As the film opens Poe (Cusack), a raging alcoholic, is flat broke trying to get drink on credit in a bar. Few know who he is; fewer still his accomplishments. His critical essay on Wordsworth’s most recent book has been killed by Henry (McNally), the editor of the Baltimore Patriot. Poe is desperate for the funds; Henry wants something along the lines of “The Fall of the House of Usher.” Poe is well-aware that his best days as a writer are behind him and despite the encouragement of a sympathetic typesetter (Hazeldine), he is unsure he has another great story in him.

In the meantime, Det. Fields (Evans) of the Baltimore Police Department, has stumbled onto a grisly murder. In a locked room, a mother has been found with her throat slit and her daughter stuffed up the chimney having been strangled. There’s no way in or out and the officers entering the room distinctly heard the door lock before they broke in. How did the killer get away? The detective discovers an ingenious latching mechanism on  the window which had appeared to have been nailed shut. Fields recognizes the set-up of the murder, but from where?
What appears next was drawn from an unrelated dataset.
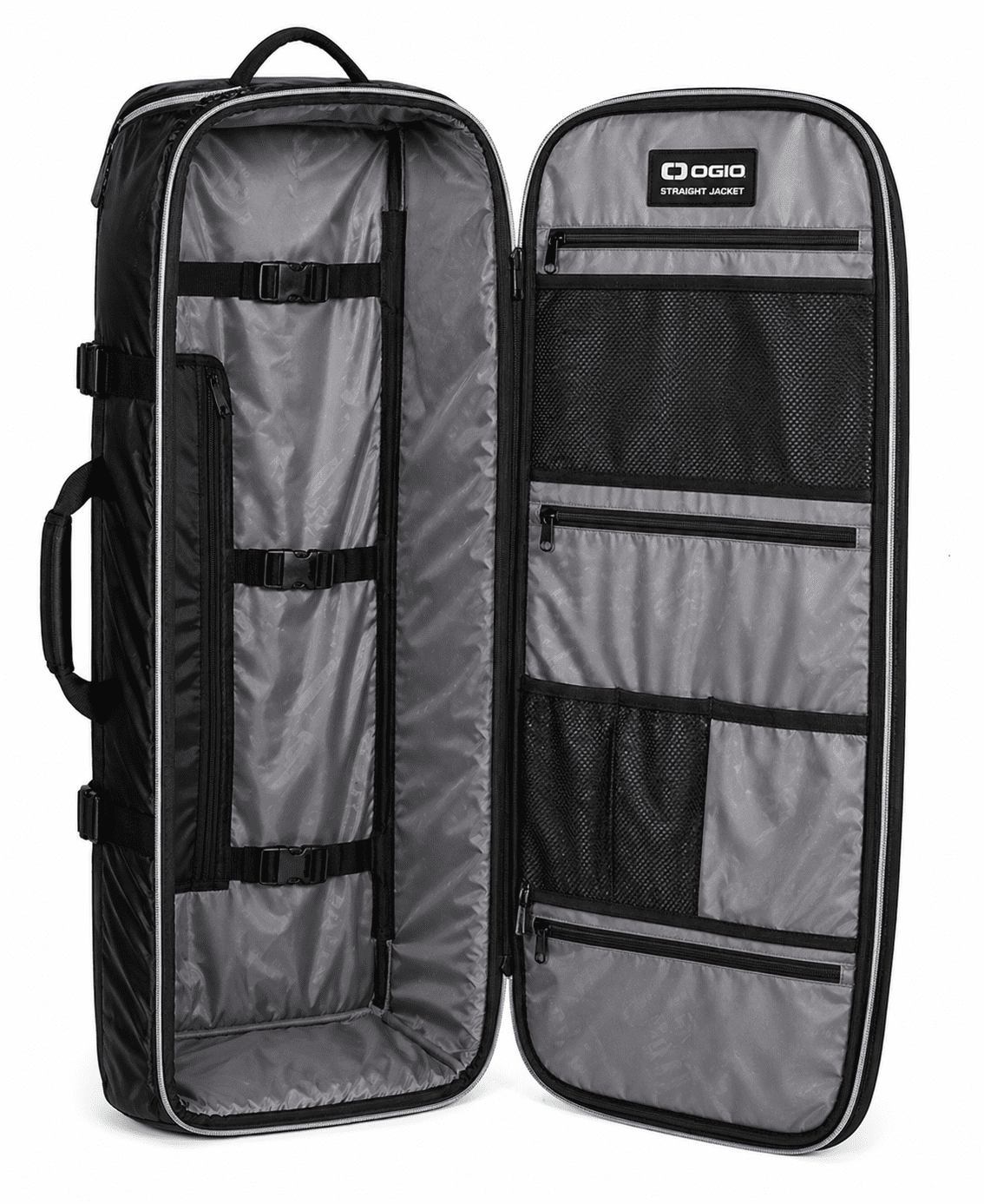 Custom Ogio Straight Jacket Travel Bag Online at AllStar logo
After some research, he discovers that it is similar to a story written by one Edgar Allen Poe, from “The Murders in the Rue Morgue.” He calls Poe in for consultation, and when Poe’s literary nemesis, Rufus Griswold (Warnaby), turns up cut in two – by a blade hanging from a pendulum – he realizes that there is a killer on the loose bent on recreating murder scenes from Poe’s work.

Poe would rather concentrate on wooing Emily Hamilton (Eve), with whom he is deeply in love (and who loves him right back) but her father, the hot-headed Captain Hamilton (Gleeson) would much rather use Poe for target practice with his revolver. Nonetheless, Poe is ready to announce his engagement to his beloved when she is kidnapped by the dastardly fiend who makes his game with Poe far more personal. Poe will have to use clues discovered on the bodies of the victims to find his fiancee before time runs out – and the killer might be closer to him than he realizes.
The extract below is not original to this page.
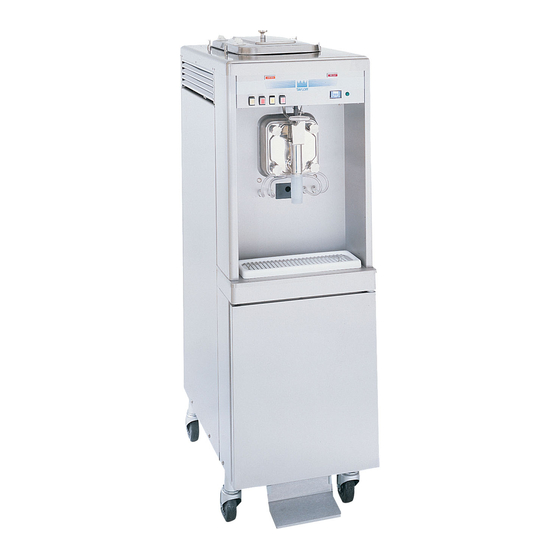 Taylor 60 Operator's Manual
Keep in mind when watching this that it is meant as pure entertainment. If you’re one of those looking for historical accuracy, you’re in the wrong theater. McTeigue, best-known for V for Vendetta, has concocted a nice little yarn that puts Poe in the position of being Sherlock Holmes but quite frankly, Poe is overshadowed in the detective department by Fields who is more Holmes-like.

It is also no secret that John Cusack is one of my favorite actors and he isn’t disappointing, although he seems a bit more prone to chewing scenery here than he is normally. He bellows like a rampaging bull from time to time and tends to overplay. Still, few actors grasp the nuances of their characters better than Cusack and his regret, frustration and general pessimism bring Poe to life. Cusack’s Poe is a weary man, resentful not that he finds himself unable to write but that he is largely responsible for the mess that he’s in with his drinking and debauchery. The death of his first wife weighs on him heavily and there is a sense that Emily might just be his only way to salvation.

There are some wonderful scenes here, like one where Poe is drinking with the killer and the movements of the two men are literally mirror images of one another. There is also a chase through a misty forest which has a surreal quality that Poe might have approved of. However, for all the good scenes there are a few that don’t work very well, such as the ball scene where Emily is kidnapped. It seemed a bit too formulaic.

Eve is a little bland as Emily; it’s hard to see how Poe would have fallen in love with her. Gleeson gleefully chews scenery and seems to be having a great time. Evans has a thankless job of being the stolid heroic Fields but his heroism must remain second fiddle to Poe’s. I wouldn’t mind seeing a film about Fields somewhere down the line although given the anemic box office of this film that is about as unlikely as finding out the real cause of Poe’s death is.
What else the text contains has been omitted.